## Task statement
Below is a set of records; print all of them exactly as written.

## Data supplied
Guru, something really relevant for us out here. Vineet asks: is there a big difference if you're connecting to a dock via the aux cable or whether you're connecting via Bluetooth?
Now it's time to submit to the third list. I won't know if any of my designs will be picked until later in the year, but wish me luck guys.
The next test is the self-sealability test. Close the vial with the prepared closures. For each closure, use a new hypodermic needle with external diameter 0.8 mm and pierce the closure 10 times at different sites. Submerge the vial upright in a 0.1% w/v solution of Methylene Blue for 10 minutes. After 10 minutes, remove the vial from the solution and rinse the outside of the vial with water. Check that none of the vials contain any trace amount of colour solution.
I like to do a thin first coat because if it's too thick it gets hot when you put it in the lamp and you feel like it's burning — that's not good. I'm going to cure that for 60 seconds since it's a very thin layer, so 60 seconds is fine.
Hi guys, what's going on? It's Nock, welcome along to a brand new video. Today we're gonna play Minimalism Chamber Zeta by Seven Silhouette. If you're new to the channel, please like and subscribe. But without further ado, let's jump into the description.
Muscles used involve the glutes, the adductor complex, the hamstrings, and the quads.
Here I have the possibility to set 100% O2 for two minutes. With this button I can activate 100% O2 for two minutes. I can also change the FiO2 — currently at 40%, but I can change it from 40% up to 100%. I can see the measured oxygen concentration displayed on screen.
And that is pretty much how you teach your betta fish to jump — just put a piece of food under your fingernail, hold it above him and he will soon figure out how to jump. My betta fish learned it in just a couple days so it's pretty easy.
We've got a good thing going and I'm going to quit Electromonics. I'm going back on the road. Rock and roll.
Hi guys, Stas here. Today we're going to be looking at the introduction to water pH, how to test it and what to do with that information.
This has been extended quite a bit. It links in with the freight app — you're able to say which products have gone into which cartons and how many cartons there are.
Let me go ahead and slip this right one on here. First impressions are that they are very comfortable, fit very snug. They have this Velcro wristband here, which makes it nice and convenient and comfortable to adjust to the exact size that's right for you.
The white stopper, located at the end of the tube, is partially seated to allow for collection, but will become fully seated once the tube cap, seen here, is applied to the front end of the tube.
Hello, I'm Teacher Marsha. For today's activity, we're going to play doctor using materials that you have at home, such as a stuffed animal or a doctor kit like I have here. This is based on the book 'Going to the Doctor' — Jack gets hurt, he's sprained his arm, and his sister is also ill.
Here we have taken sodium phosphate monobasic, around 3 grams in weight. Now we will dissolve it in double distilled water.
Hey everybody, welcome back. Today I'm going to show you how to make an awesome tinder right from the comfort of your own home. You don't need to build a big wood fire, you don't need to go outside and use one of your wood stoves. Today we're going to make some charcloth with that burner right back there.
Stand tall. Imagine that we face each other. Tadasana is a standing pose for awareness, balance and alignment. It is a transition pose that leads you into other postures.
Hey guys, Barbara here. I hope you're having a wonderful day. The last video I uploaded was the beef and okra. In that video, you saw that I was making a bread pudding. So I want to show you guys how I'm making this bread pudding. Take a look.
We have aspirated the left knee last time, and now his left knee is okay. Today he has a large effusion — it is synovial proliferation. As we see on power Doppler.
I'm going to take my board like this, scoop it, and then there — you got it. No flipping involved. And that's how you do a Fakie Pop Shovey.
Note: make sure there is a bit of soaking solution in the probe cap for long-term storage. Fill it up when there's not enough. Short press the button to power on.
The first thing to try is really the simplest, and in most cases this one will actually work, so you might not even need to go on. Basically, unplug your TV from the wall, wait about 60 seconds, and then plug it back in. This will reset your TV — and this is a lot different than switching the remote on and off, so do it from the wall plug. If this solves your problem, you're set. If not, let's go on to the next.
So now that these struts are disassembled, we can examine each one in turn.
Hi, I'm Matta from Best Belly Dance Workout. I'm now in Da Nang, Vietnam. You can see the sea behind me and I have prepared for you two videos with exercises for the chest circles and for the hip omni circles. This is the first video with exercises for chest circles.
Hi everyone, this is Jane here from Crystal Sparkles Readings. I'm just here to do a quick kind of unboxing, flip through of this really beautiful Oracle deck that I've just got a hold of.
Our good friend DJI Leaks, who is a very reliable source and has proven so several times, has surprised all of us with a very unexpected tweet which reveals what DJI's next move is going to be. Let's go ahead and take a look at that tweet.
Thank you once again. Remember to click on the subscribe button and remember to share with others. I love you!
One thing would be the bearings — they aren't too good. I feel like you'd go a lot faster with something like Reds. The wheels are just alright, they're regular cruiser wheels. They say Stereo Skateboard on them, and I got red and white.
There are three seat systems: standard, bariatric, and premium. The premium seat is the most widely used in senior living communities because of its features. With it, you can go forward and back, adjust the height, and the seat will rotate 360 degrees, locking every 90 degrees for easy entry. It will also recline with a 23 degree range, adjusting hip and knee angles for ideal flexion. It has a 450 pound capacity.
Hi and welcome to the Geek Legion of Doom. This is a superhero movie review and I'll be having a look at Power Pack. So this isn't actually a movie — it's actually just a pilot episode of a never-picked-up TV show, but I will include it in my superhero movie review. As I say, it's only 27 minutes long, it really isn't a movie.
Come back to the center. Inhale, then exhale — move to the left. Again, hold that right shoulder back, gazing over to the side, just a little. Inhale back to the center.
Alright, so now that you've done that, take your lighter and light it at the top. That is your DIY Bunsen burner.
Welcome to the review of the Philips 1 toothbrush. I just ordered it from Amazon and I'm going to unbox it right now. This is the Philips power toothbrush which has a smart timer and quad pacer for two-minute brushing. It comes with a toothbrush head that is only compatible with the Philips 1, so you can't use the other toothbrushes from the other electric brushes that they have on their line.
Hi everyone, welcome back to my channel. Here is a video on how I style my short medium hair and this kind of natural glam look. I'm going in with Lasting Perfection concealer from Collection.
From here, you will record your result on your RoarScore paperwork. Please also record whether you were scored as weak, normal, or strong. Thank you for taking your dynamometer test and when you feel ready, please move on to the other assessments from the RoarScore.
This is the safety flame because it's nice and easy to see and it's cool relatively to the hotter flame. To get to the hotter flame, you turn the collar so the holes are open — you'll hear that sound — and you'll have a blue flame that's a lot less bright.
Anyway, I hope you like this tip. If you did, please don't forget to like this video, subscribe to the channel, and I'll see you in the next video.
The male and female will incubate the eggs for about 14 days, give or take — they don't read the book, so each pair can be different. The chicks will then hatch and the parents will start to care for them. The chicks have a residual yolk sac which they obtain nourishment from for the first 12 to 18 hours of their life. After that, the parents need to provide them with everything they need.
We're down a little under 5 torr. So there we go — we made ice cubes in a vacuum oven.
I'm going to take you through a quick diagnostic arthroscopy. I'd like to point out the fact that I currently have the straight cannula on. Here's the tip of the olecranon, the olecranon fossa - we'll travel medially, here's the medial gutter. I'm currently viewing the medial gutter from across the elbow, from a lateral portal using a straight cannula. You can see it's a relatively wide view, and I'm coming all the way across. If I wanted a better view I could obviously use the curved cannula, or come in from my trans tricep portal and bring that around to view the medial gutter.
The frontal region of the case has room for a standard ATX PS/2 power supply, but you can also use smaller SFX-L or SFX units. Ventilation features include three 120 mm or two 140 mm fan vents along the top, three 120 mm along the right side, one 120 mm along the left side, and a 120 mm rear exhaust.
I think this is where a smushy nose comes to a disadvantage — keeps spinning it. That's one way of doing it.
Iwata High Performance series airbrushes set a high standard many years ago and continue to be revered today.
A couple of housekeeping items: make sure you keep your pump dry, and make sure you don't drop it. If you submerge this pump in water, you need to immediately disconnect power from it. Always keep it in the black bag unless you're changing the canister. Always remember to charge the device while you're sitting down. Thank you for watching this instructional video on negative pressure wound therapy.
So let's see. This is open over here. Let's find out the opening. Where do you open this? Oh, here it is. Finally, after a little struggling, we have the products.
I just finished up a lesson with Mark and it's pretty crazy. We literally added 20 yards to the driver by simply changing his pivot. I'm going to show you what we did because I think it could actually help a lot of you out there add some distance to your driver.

## Task solution
Guru, something really relevant for us out here. Vineet asks: is there a big difference if you're connecting to a dock via the aux cable or whether you're connecting via Bluetooth?
Now it's time to submit to the third list. I won't know if any of my designs will be picked until later in the year, but wish me luck guys.
The next test is the self-sealability test. Close the vial with the prepared closures. For each closure, use a new hypodermic needle with external diameter 0.8 mm and pierce the closure 10 times at different sites. Submerge the vial upright in a 0.1% w/v solution of Methylene Blue for 10 minutes. After 10 minutes, remove the vial from the solution and rinse the outside of the vial with water. Check that none of the vials contain any trace amount of colour solution.
I like to do a thin first coat because if it's too thick it gets hot when you put it in the lamp and you feel like it's burning — that's not good. I'm going to cure that for 60 seconds since it's a very thin layer, so 60 seconds is fine.
Hi guys, what's going on? It's Nock, welcome along to a brand new video. Today we're gonna play Minimalism Chamber Zeta by Seven Silhouette. If you're new to the channel, please like and subscribe. But without further ado, let's jump into the description.
Muscles used involve the glutes, the adductor complex, the hamstrings, and the quads.
Here I have the possibility to set 100% O2 for two minutes. With this button I can activate 100% O2 for two minutes. I can also change the FiO2 — currently at 40%, but I can change it from 40% up to 100%. I can see the measured oxygen concentration displayed on screen.
And that is pretty much how you teach your betta fish to jump — just put a piece of food under your fingernail, hold it above him and he will soon figure out how to jump. My betta fish learned it in just a couple days so it's pretty easy.
We've got a good thing going and I'm going to quit Electromonics. I'm going back on the road. Rock and roll.
Hi guys, Stas here. Today we're going to be looking at the introduction to water pH, how to test it and what to do with that information.
This has been extended quite a bit. It links in with the freight app — you're able to say which products have gone into which cartons and how many cartons there are.
Let me go ahead and slip this right one on here. First impressions are that they are very comfortable, fit very snug. They have this Velcro wristband here, which makes it nice and convenient and comfortable to adjust to the exact size that's right for you.
The white stopper, located at the end of the tube, is partially seated to allow for collection, but will become fully seated once the tube cap, seen here, is applied to the front end of the tube.
Hello, I'm Teacher Marsha. For today's activity, we're going to play doctor using materials that you have at home, such as a stuffed animal or a doctor kit like I have here. This is based on the book 'Going to the Doctor' — Jack gets hurt, he's sprained his arm, and his sister is also ill.
Here we have taken sodium phosphate monobasic, around 3 grams in weight. Now we will dissolve it in double distilled water.
Hey everybody, welcome back. Today I'm going to show you how to make an awesome tinder right from the comfort of your own home. You don't need to build a big wood fire, you don't need to go outside and use one of your wood stoves. Today we're going to make some charcloth with that burner right back there.
Stand tall. Imagine that we face each other. Tadasana is a standing pose for awareness, balance and alignment. It is a transition pose that leads you into other postures.
Hey guys, Barbara here. I hope you're having a wonderful day. The last video I uploaded was the beef and okra. In that video, you saw that I was making a bread pudding. So I want to show you guys how I'm making this bread pudding. Take a look.
We have aspirated the left knee last time, and now his left knee is okay. Today he has a large effusion — it is synovial proliferation. As we see on power Doppler.
I'm going to take my board like this, scoop it, and then there — you got it. No flipping involved. And that's how you do a Fakie Pop Shovey.
Note: make sure there is a bit of soaking solution in the probe cap for long-term storage. Fill it up when there's not enough. Short press the button to power on.
The first thing to try is really the simplest, and in most cases this one will actually work, so you might not even need to go on. Basically, unplug your TV from the wall, wait about 60 seconds, and then plug it back in. This will reset your TV — and this is a lot different than switching the remote on and off, so do it from the wall plug. If this solves your problem, you're set. If not, let's go on to the next.
So now that these struts are disassembled, we can examine each one in turn.
Hi, I'm Matta from Best Belly Dance Workout. I'm now in Da Nang, Vietnam. You can see the sea behind me and I have prepared for you two videos with exercises for the chest circles and for the hip omni circles. This is the first video with exercises for chest circles.
Hi everyone, this is Jane here from Crystal Sparkles Readings. I'm just here to do a quick kind of unboxing, flip through of this really beautiful Oracle deck that I've just got a hold of.
Our good friend DJI Leaks, who is a very reliable source and has proven so several times, has surprised all of us with a very unexpected tweet which reveals what DJI's next move is going to be. Let's go ahead and take a look at that tweet.
Thank you once again. Remember to click on the subscribe button and remember to share with others. I love you!
One thing would be the bearings — they aren't too good. I feel like you'd go a lot faster with something like Reds. The wheels are just alright, they're regular cruiser wheels. They say Stereo Skateboard on them, and I got red and white.
There are three seat systems: standard, bariatric, and premium. The premium seat is the most widely used in senior living communities because of its features. With it, you can go forward and back, adjust the height, and the seat will rotate 360 degrees, locking every 90 degrees for easy entry. It will also recline with a 23 degree range, adjusting hip and knee angles for ideal flexion. It has a 450 pound capacity.
Hi and welcome to the Geek Legion of Doom. This is a superhero movie review and I'll be having a look at Power Pack. So this isn't actually a movie — it's actually just a pilot episode of a never-picked-up TV show, but I will include it in my superhero movie review. As I say, it's only 27 minutes long, it really isn't a movie.
Come back to the center. Inhale, then exhale — move to the left. Again, hold that right shoulder back, gazing over to the side, just a little. Inhale back to the center.
Alright, so now that you've done that, take your lighter and light it at the top. That is your DIY Bunsen burner.
Welcome to the review of the Philips 1 toothbrush. I just ordered it from Amazon and I'm going to unbox it right now. This is the Philips power toothbrush which has a smart timer and quad pacer for two-minute brushing. It comes with a toothbrush head that is only compatible with the Philips 1, so you can't use the other toothbrushes from the other electric brushes that they have on their line.
Hi everyone, welcome back to my channel. Here is a video on how I style my short medium hair and this kind of natural glam look. I'm going in with Lasting Perfection concealer from Collection.
From here, you will record your result on your RoarScore paperwork. Please also record whether you were scored as weak, normal, or strong. Thank you for taking your dynamometer test and when you feel ready, please move on to the other assessments from the RoarScore.
This is the safety flame because it's nice and easy to see and it's cool relatively to the hotter flame. To get to the hotter flame, you turn the collar so the holes are open — you'll hear that sound — and you'll have a blue flame that's a lot less bright.
Anyway, I hope you like this tip. If you did, please don't forget to like this video, subscribe to the channel, and I'll see you in the next video.
The male and female will incubate the eggs for about 14 days, give or take — they don't read the book, so each pair can be different. The chicks will then hatch and the parents will start to care for them. The chicks have a residual yolk sac which they obtain nourishment from for the first 12 to 18 hours of their life. After that, the parents need to provide them with everything they need.
We're down a little under 5 torr. So there we go — we made ice cubes in a vacuum oven.
I'm going to take you through a quick diagnostic arthroscopy. I'd like to point out the fact that I currently have the straight cannula on. Here's the tip of the olecranon, the olecranon fossa - we'll travel medially, here's the medial gutter. I'm currently viewing the medial gutter from across the elbow, from a lateral portal using a straight cannula. You can see it's a relatively wide view, and I'm coming all the way across. If I wanted a better view I could obviously use the curved cannula, or come in from my trans tricep portal and bring that around to view the medial gutter.
The frontal region of the case has room for a standard ATX PS/2 power supply, but you can also use smaller SFX-L or SFX units. Ventilation features include three 120 mm or two 140 mm fan vents along the top, three 120 mm along the right side, one 120 mm along the left side, and a 120 mm rear exhaust.
I think this is where a smushy nose comes to a disadvantage — keeps spinning it. That's one way of doing it.
Iwata High Performance series airbrushes set a high standard many years ago and continue to be revered today.
A couple of housekeeping items: make sure you keep your pump dry, and make sure you don't drop it. If you submerge this pump in water, you need to immediately disconnect power from it. Always keep it in the black bag unless you're changing the canister. Always remember to charge the device while you're sitting down. Thank you for watching this instructional video on negative pressure wound therapy.
So let's see. This is open over here. Let's find out the opening. Where do you open this? Oh, here it is. Finally, after a little struggling, we have the products.
I just finished up a lesson with Mark and it's pretty crazy. We literally added 20 yards to the driver by simply changing his pivot. I'm going to show you what we did because I think it could actually help a lot of you out there add some distance to your driver.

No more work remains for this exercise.